The classroom rules were created by the students and the teacher at the beginning of the year.  The rules are: respect others, listen and follow directions, use kind words/actions/ and manners, hands/feet/objects to self, use appropriate voice level.  To manage the classroom the teacher will monitor the whole class.  The teacher will be consistent with rules.  The teacher will keep interventions brief, clear, and firm.  The teacher will also use statements that preserve student’s dignity.  There is a star system in place for rewards for good behavior.   This lesson does not use technology.  Family involvement is not needed to complete this lesson.   
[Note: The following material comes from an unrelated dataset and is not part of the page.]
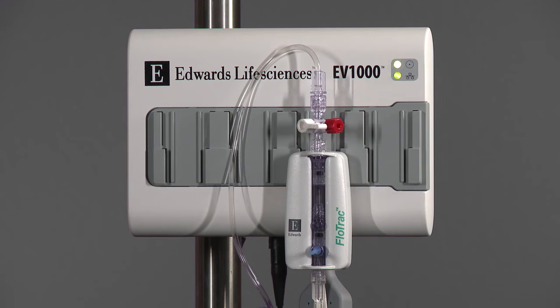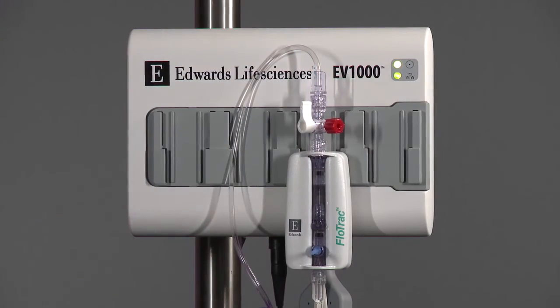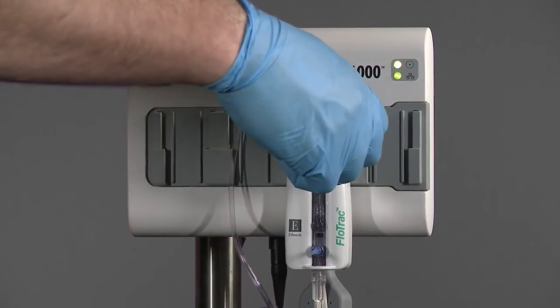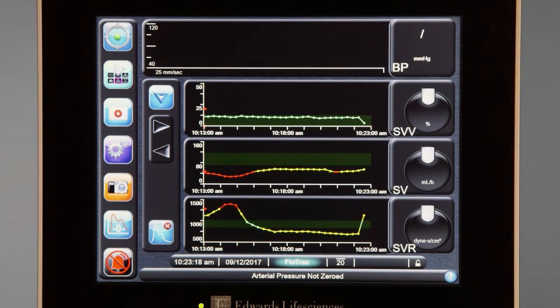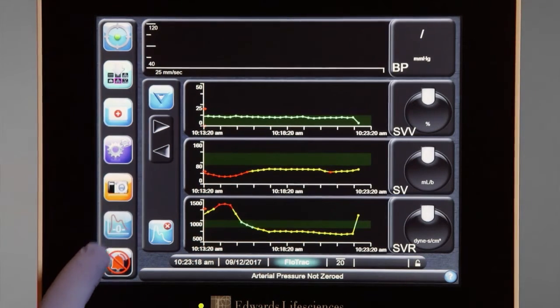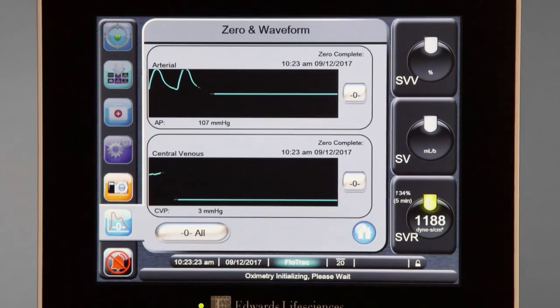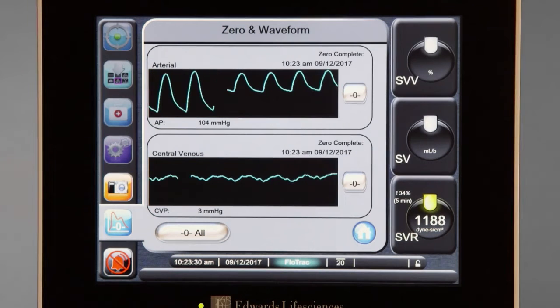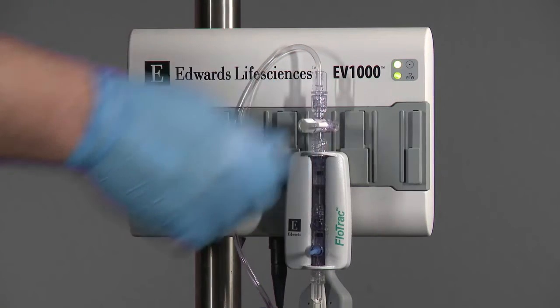Level the FlowTrack sensor to the patient's phlebostatic axis. Turn the reference stopcock of the FlowTrack sensor toward the pressure tubing and remove the non-vented cap. With the stopcock open to atmosphere, zero both the bedside monitor and the EV-1000 clinical platform. Confirm that the EV-1000 reads zero complete and the monitor reads zero millimeters mercury on the arterial channel. Turn the stopcock toward the reference port and replace the non-vented cap.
The teacher will have the students’ think of their favorite food and have them picture it in their mind.  Then the teacher will ask the students what skill picturing something in their mind is and how that can help them to better understand their reading.  Then the teacher will tell the students “today we will be learning about how sequences help books make more sense.”  After that the teacher starts reading Matilda by Roald Dahl, which is their class book.  The teacher should open up the chapter that they are reading read the first paragraph, then read a paragraph from the middle of the chapter, then go back to the beginning, and then from towards the end of the chapter.  Next the teacher will ask the students to Think, Pair, and Share why we would not want to read a story like that.  Then the teacher will read the chapter from beginning to end stopping to ask questions, like “What did we just find out?”, “What do you think will happen next?”, and “Should I skip the next few paragraphs and come back to them later?”    


Understanding the sequence of a book helps the students comprehend what they are reading.  Comprehension helps students become successful, independent readers. Strategic reading allows students to monitor their own thinking and make connections between texts and their own experiences.